On the other hand, is the want of capital, the poverty of the
labourer, and the proletarian, merely the consequence of his own
faults and of those of his ancestors ? No one will dare aver this ?
If, therefore, the actual inequality in fortunes is not alone the
result of the economic system of those who possess, and of the
anti-economic system of those who do not possess, to what other
cause must we attribute this inequality?
How does it happen that, day by day, capital accumulates in
the hands of a small minority, whilst tbe majority of the wages
scarcely suffice, notwithstanding the labour, for the needs of the
masses ?
It is evident that one must seek the solution in the iniquitous
redistribution of the return of labour in respect of the labour
provided.
Listen to what one of the most celebrated political economists
of England says upon this question—
“ The produce of labour,” says Stuart Mill, “ is redistributed
.at the present time in an almost inverse ratio to the labour sup­
plied: the greatest return falls to the lot of those who never
work: after these, to those whose work is only nominal, and thus
in a descending scale, wages are reduced in proportion as the
labour becomes more onerous and more disagreeable, until at last
that which is the most fatiguing and pernicious to the body can
.scarcely secure with certainty the acquisition of the immediate
necessities of existence.”
We will not inquire by what concatenation of historical events
the labourer has been by degrees deprived of the means of labour,
and how the disproportion which exists between wages and labour
has been brought about.
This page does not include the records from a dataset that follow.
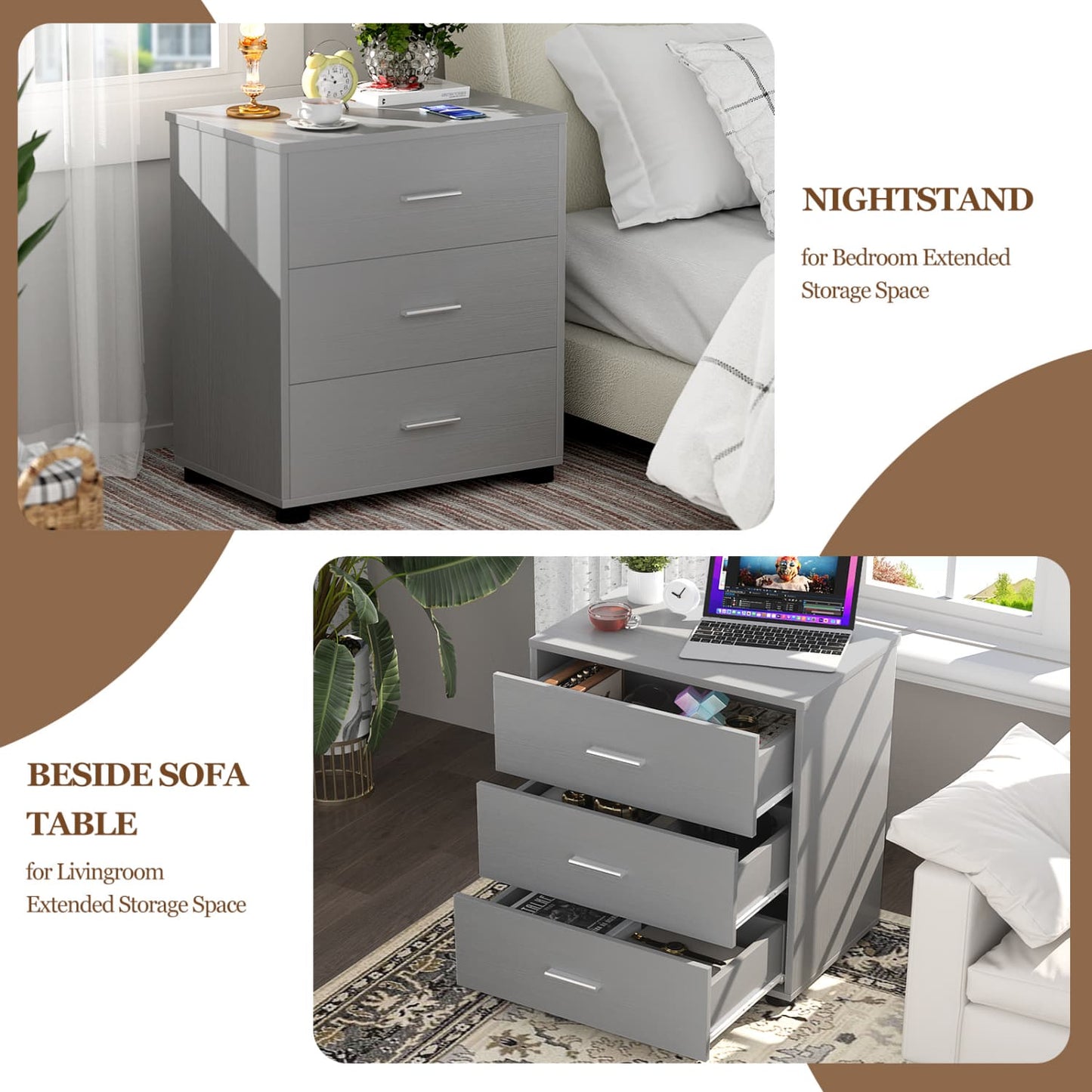 Set of 2 Wooden 6-Drawers Dressers with Storage, Closet Storage Cabinet and Nightstand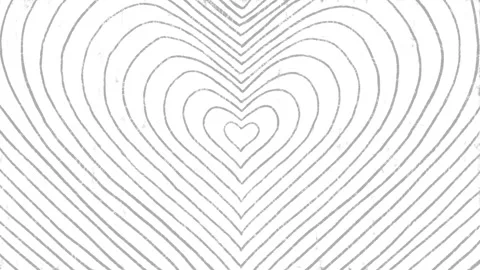 Grayscale Hand Drawn Heart Pattern with Playful Animated Pencil Lines Stockbeeldmateriaal 341812707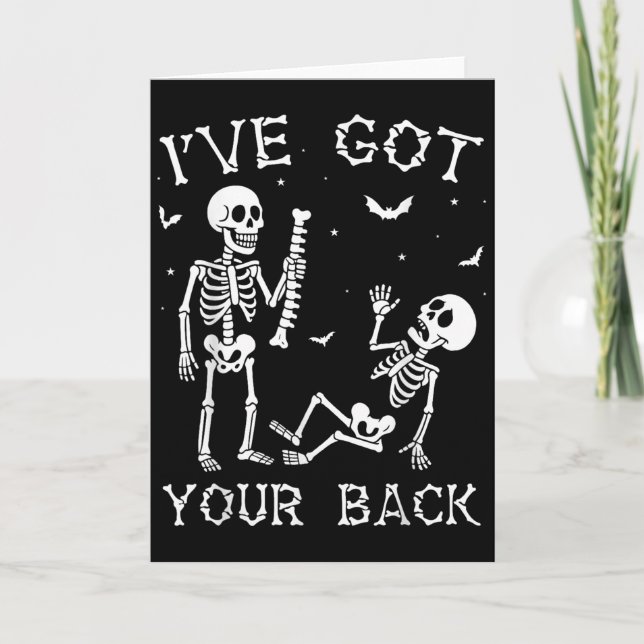Tarjeta Halloween Skeletons Ive Got Your Back Costume Men  (Anverso)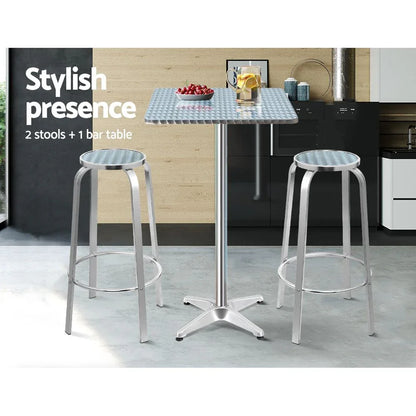 Gardeon 3-Piece Outdoor Bar Set Bistro Table Stools Adjustable Square Cafe - Mekamart Australia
The question before us is the following:—
What has the State done to obtain a more equitable distri­
bution of the products of labour ?
Has it ever tried either by laws or by other institutions to pro­
tect the labourei’ against the preponderance of capital and to
place a limit to the social inequality which daily increases ?
If we examine the history of all States, we shall find that up to the
latest times, nothing or nearly nothing has been done in this respect.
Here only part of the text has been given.